I don’t have a comparison sheet, sorry.
I implemented a ReactJs application using OIDC-Client, if I try to logout in one application its not logging out other tabs. I don’t know what I missed, Note: I’m using Identity Server 3
I don’t know either — you will have to debug it.
Hi Brock, you mentioned that “the “session management specification“, is targeted at JavaScript-based/SPA-style applications (and thus also known as the JavaScript-based sign-out spec) and the “HTTP-based logout specification“, is targeted at server-side web frameworks (such as ASP.NET), and is also known as the “front-channel” approach.” In the open id specifications I no where found such recommendations that which out of two approaches is meant for SPA style or Server based applications.
I was thinking that both the front channel and the session management approaches can be used by either SPA style or server based applications. Since for the front channel approach the Javascript based clients can expose their logout endpoint which can return the javascript code to clear any browser cookies and thus the Front Channel Implementations can be used by Javascript clients too.
Do you see any issues with this ?
You could use them for either scenario, yes, but I don’t see that as terribly practical. Front-channel wouldn’t work so well for JS apps because the “session” in a JS app normally is scoped to the window (typically via session storage). And a server-side app would need to have JS code detect the end session notification, and trigger a request to its own server to cleanup cookies. That’s why I made the comments I did.

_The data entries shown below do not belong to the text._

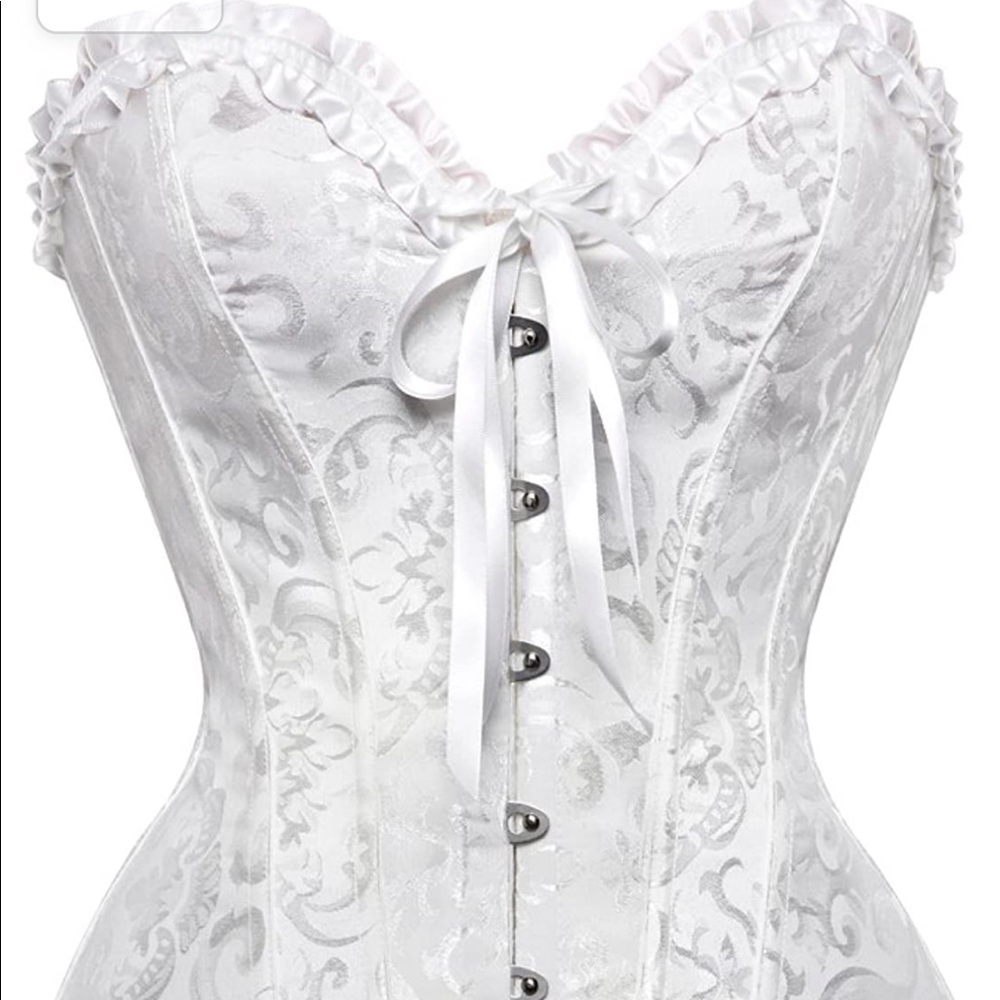 White Corset Top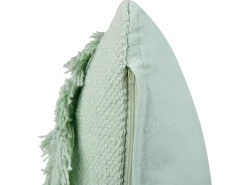 Set di 2 cuscini BACOPA Cotone 45 x 45 cm Verde Trama Chevron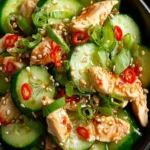 Refreshing Thai Cucumber Salad with Chicken Recipe First Image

Thanks for your valuable inputs from Brock!
Hi Brock, with sameSite cookie introduction in chrome, we are not able to host an application in iframe because identity server cookies are not marked with sameSite attribute None. Also, I am not seeing any options added in CookieOptions to pass this flag. Can you please guide how that can be achieved in identityServer 3?
https://leastprivilege.com/2020/01/05/identityserver3-and-upcoming-samesite-cookie-changes-in-browsers/
Thanks for the link Brock. It says identityServer 3 won’t have the support :( Can you recommend a way it can be done outside identityServer3 then? I tried setting in web.config file but it didn’t work for cookies generated by identity server? Any guidance will be helpful.